A team of former Microsoft execs and engineers have launched Highspot
, a startup with a new cloud knowledge management
service that helps organizations capture, share, and cultivate their most valuable working knowledge via machine learning
Highspot’s chief scientist, Paul Viola, ran the core data science team for Microsoft’s Bing
search engine and helped it to pull even with Google in many measurements of search relevance during his tenure. Viola described himself to eWEEK
as a "machine learning geek."
In a blog post
about the company’s launch, Highspot's CEO Robert Wahbe, who was corporate vice president of product management for the Server and Tools Division at Microsoft, said the inspiration for Highspot came from its founders' collective frustration that their previous organizations had the potential to be much more effective if they "only knew what they knew."
"We spent a ton of time and money producing content, and what came clear to me was that people are not able to find the content they are looking for when they need it," Wahbe told eWEEK
. Wahbe cited a Forrester study that says there is a knowledge gap where the failure rate for not finding the information users are looking for is 56 percent, while the process of looking for the information wastes up to 12 percent of users' time.
According to Wahbe, "The information existed to make the organizations smarter, but it simply wasn't available to the people who needed it, when they needed it. Some of this vital working knowledge was formal, such as documents and presentations about a new product launch, while other was more informal such as the fruits of hard-won experience. But regardless of whether formal or informal, most organizations really struggle to capture, share, and cultivate the collective working knowledge of the organization."
He said this is particularly true for frontier functions like engineering, marketing, and sales that operate at the edge of institutional knowledge. "They have an insatiable demand for the latest and greatest information to win the next deal, fend off competitors, captivate customers and inspire innovation," he said. "As often as not, the information they need to win the day exists, it just isn't available when it matters."
Wahbe said Highspot is following the lead of existing Internet solutions like Google, Amazon and Pinterest. "They all use similar pioneer techniques to connect people with information–they use machine learning," he said. "Compare those Internet solutions to existing enterprise search solutions for business. They don't use machine learning, they use tags. However, tags get less and less correct and less and less relevant over time."
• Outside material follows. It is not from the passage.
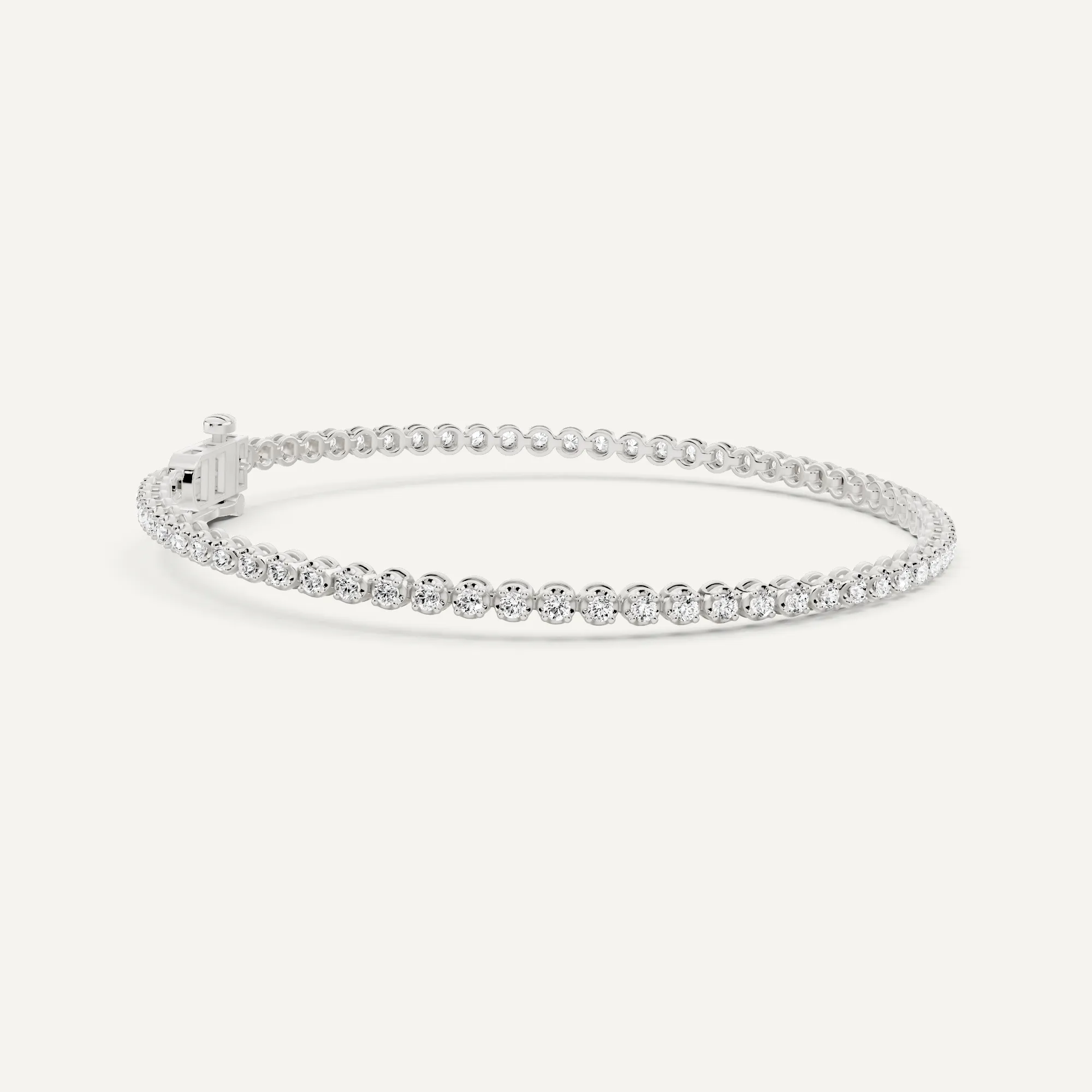 1 ctw Round Diamond Four Prong Petite Tennis Bracelet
The Highspot approach to enterprise search is based on four pillars: to leverage approachable consumer user experiences, to build a comprehensive knowledge graph, to increase relevance through machine learning, and to deliver it all as a modern cloud service.
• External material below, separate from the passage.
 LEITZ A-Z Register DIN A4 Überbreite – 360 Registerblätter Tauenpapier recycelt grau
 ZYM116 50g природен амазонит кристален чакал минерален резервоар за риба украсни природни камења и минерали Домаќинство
"To effectively 'know what you know,' Highspot must cast the broadest possible net for information, and gracefully incorporate content wherever it is created, whatever its type, and wherever it is consumed," Wahbe said in his post. "We are committed to integrate with information wherever it resides, including widely used platforms such as Office 365, Google Apps, Box, Dropbox, and Salesforce as well as information types as diverse as documents, presentations, spreadsheets, images, videos, audio, news feeds and news alerts."
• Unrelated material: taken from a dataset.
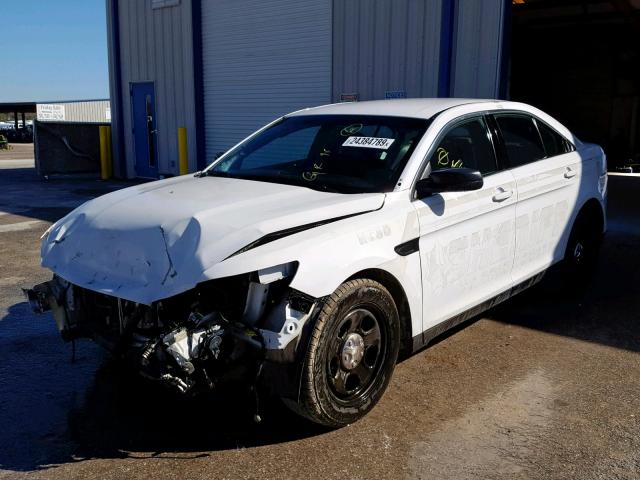 1FAHP2MK2FG105053 - 2015 FORD TAURUS POL WHITE photo 2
Highspot leverages familiar consumer Web experiences and it increases relevance through advanced machine learning. The machine learning platform delivers highly relevant results that get even more relevant over time, Wahbe said.
With machine learning, as people use Highspot the knowledge graph
gets smarter. Highspot enables users to organize information in "Spots," which are collections of related content. "Spots are the main ways we organize knowledge," Wahbe said.
The Highspot knowledge graph represents all people and all items in an organization and all the relationships between them. The knowledge graph factors in observed facts such as geography, views, likes and follows, as well as learned facts such as influence, similarity, trending and interest, Viola said.
"I try to put things in front of you that will be of value to you," he noted.